RALEIGH – Compact fluorescent lights save energy and prevent pollution but must be properly handled and disposed of because they contain harmful mercury.
“We are excited about the growth of recycling opportunities for CFLs (compact fluorescent lights) across the state,” said DEAO environmental specialist Joseph Fitzpatrick. “North Carolina citizens now have multiple ways to make sure that CFLs are properly managed at the end of their useful life.”
If every American home replaced just one incandescent light with an ENERGY STAR-rated CFL, it would save enough energy to light 3 million homes for a year, according to the Environmental Protection Agency. This action would also result in about $600 million in annual energy cost savings and reduce greenhouse gas emissions equal to the amount released by about 800,000 cars.
Compact fluorescent lights are also practical for the pocketbook. For the average consumer, a CFL can save up to $25 during the course of its life through reduced energy usage and replacement of short-lasting incandescent bulbs. CFLs are favorable to incandescent bulbs because they use about 75 percent less energy and last up to 10 times longer.
However, the vapor that produces the light in CFLs contains a small amount of mercury. High levels of mercury exposure have been shown to harm the central nervous system, particularly in babies and young children.
Mercury in the bulb is not likely to harm people because it is contained. CFLs become a health concern if the bulbs break or are not disposed of correctly. CFLs should be recycled, not discarded in the garbage.

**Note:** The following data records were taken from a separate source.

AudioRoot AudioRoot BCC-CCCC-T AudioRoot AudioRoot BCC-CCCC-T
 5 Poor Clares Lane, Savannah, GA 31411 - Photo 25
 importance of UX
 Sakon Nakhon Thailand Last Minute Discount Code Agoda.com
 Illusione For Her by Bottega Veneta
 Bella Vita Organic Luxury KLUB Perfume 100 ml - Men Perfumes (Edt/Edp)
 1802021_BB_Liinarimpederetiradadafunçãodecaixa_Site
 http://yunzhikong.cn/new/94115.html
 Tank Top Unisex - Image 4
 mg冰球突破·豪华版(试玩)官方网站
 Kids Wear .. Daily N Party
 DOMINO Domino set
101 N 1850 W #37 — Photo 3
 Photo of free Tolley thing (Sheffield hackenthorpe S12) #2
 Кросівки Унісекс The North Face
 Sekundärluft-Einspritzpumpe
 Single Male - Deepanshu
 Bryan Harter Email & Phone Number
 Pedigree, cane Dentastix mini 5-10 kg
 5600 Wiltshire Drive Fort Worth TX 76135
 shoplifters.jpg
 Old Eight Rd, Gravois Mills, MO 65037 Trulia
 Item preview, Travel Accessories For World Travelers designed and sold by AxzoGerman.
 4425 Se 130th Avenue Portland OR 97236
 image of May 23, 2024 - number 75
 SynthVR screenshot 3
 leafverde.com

Today, North Carolina boasts a growing number of places that collect and recycle compact fluorescent lights.During fiscal 2009-10, more than 53,000 pounds of lights containing mercury were collected during programs and events sponsored by local governments in North Carolina. In the first half of 2010, more than 23,000 CFLs were collected and recycled, thanks to the efforts of local governments and Progress Energy, Home Depot and Lowe’s Home Improvement stores. In addition, North Carolina electric cooperatives have doubled the amount of offices that offer recycling drop-offs. Electric cooperative customers can now drop off CFLs at 16 of the 26 cooperative offices.